What to produce
Copy the data that appears below exactly. Drop the pictures.

Data extract
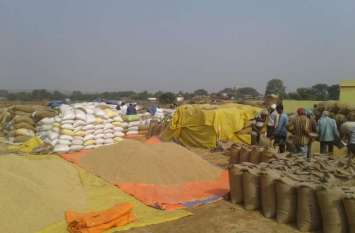paddy procurement: Paddy will be purchased from December 1 एक दिसंबर से खरीदी जाएगी धान, खरीदी केंद्र के लिए कांग्रेस बनाएगी 11 लोगों की कमेटी
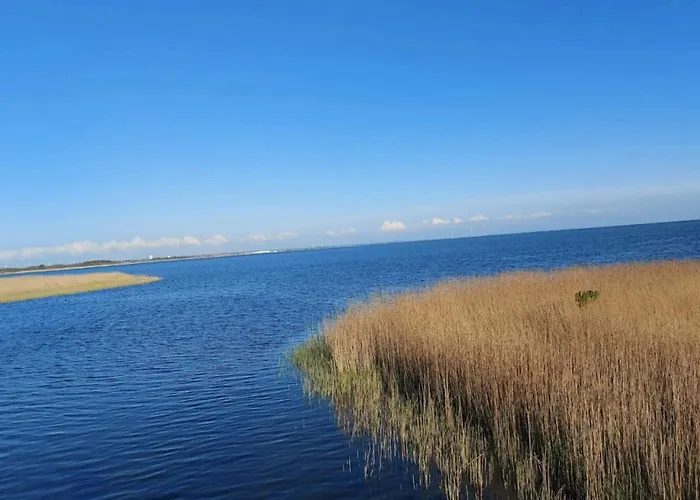 Daire 6 Person In Ringkøbing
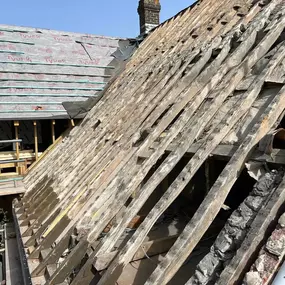 Bild von Rozario Projects Ltd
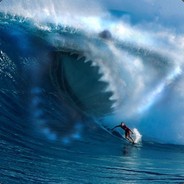 Shark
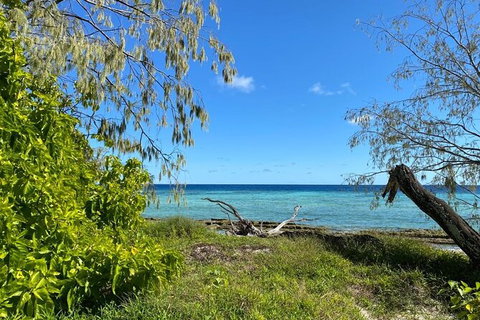 Lady Musgrave Day Trip From Bundaberg Including Snorkeling, Glass Bottom Tour And Guided Island Walk - Accommodation Gladstone 6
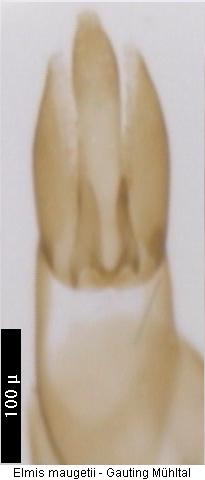 elmis_maugetii3.jpg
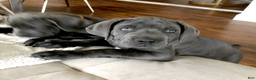 Cane Corso dogs for sale: Cane Corso Puppy 6 - Ad 2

Your solution
paddy procurement: Paddy will be purchased from December 1 एक दिसंबर से खरीदी जाएगी धान, खरीदी केंद्र के लिए कांग्रेस बनाएगी 11 लोगों की कमेटी
 Daire 6 Person In Ringkøbing
 Bild von Rozario Projects Ltd
 Shark
 Lady Musgrave Day Trip From Bundaberg Including Snorkeling, Glass Bottom Tour And Guided Island Walk - Accommodation Gladstone 6
 elmis_maugetii3.jpg
 Cane Corso dogs for sale: Cane Corso Puppy 6 - Ad 2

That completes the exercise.